Exercise prompt: Copy exactly the stretch of data below from the line with "Fiat Albea Kalorifer" through the line with "Pilot Super Colour", including both of those lines.

Material to process:
——
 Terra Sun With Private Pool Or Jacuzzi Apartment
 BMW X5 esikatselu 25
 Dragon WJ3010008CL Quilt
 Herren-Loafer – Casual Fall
——
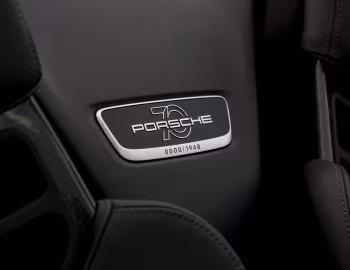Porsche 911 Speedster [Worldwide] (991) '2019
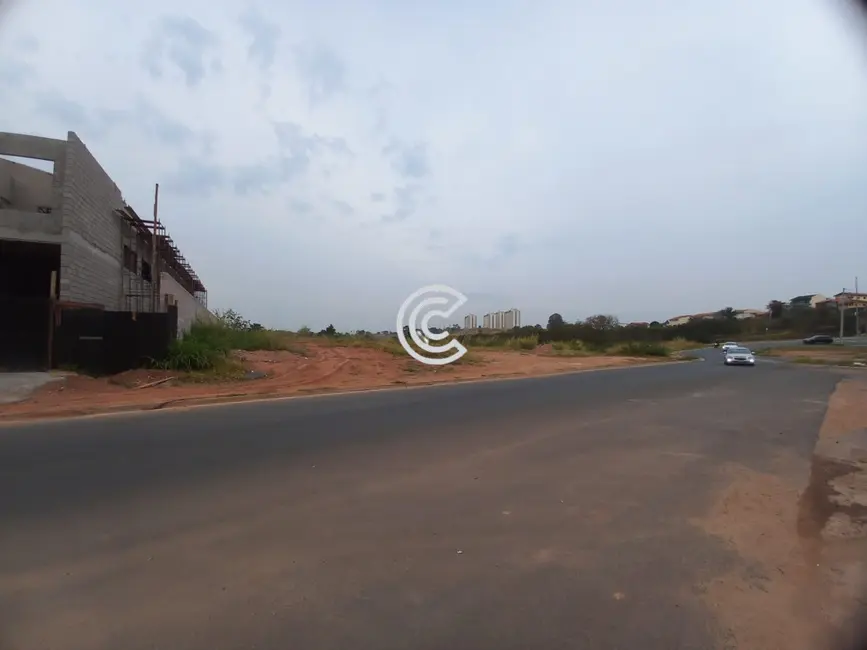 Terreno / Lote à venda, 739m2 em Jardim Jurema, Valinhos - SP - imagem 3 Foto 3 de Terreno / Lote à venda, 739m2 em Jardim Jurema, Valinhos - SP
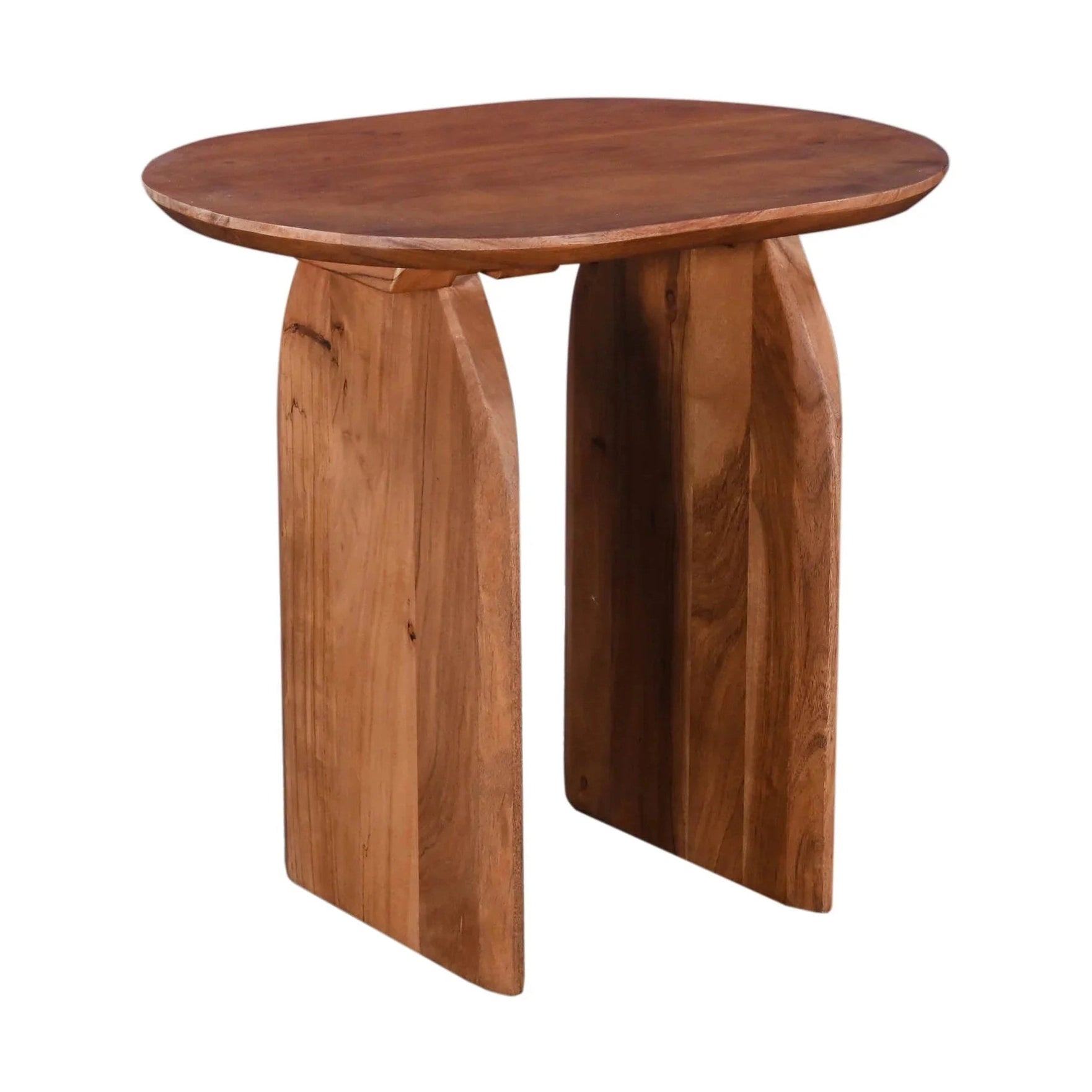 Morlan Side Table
——
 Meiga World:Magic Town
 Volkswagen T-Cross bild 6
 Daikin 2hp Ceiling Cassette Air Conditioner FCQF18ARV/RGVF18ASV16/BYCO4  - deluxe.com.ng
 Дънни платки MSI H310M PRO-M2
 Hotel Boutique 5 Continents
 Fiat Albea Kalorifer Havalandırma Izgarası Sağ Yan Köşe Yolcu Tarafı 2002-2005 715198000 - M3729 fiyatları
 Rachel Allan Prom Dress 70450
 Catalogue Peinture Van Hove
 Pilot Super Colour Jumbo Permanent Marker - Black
——
The completed task:
 Fiat Albea Kalorifer Havalandırma Izgarası Sağ Yan Köşe Yolcu Tarafı 2002-2005 715198000 - M3729 fiyatları
 Rachel Allan Prom Dress 70450
 Catalogue Peinture Van Hove
 Pilot Super Colour Jumbo Permanent Marker - Black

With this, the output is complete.